流石に何も知らない看守の前でニンジャの話をするのは後処理が面倒ゆえに、看守に席を外させ細かい話をしようとすれば、ショーゴーはジツを用いて看守を殺す始末。男の脳裏にアイドゥルネスやハルシネイション、今まで出会ったニンジャになったというだけで粋がった弱者たちが思い浮かぶ。

「チッ、狂犬め」もう男は、この場で一度ショーゴーを叩きのめすことに決めた。「教育がいるか。大人を舐めるなよ」今!この場で徹底的に上下関係を叩き込まねば、アイドゥルネスやハルシネイションめいて暴走するのは目に見えているからだ!

「イヤーッ!」男は一撃、顎に蹴りを喰らわせショーゴーを天井に叩きつける!同時に、スーツを脱ぎ金糸のニンジャ装束を晒しながらメンポを装着。
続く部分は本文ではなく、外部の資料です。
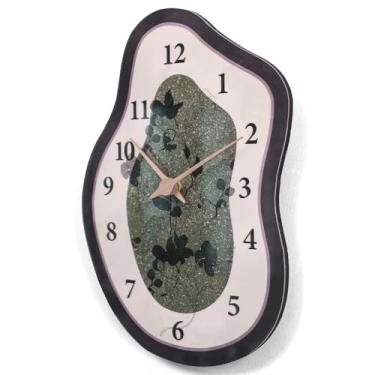 Imagem de SCOAGE Relógio de parede de meados do século retro irregular sem tique-taque moderno operado por bateria relógio de parede analógico neutro grande mostrador marrom verde relógios silenciosos para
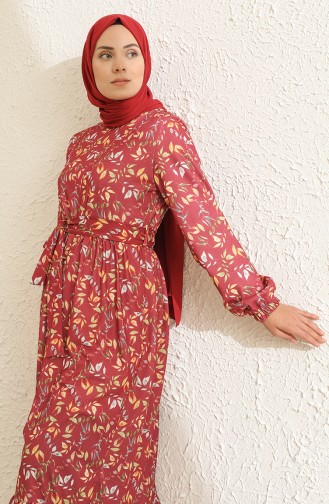 Weinrot Hijab Kleider 3801B-01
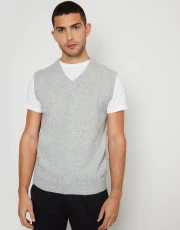 Men's Grey Marl V-Neck Knitted Vest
更に櫛で髪型をリーゼントに整える作業を一瞬で終わらせた!ワザマエ!そして、地面に落ちたショーゴーの背を踏みつける!

「ケチなニンジャソウル一つで世界の王にでもなったつもりか?」ただ、ニンジャになったというだけで全てに勝利できるほど、世界は甘くない。男はゆっくりとタバコに火を付け、メンポ越しに咥え一気に燃やす。

「ゴジュッポ・ヒャッポ。お前は俺らの世界じゃヒヨッコなんだよ」「グワーッ!」ショーゴーは、背に落ちたタバコの灰の熱さに叫ぶ。「改めてアイサツしてやるよ」男は、威圧的にアイサツした。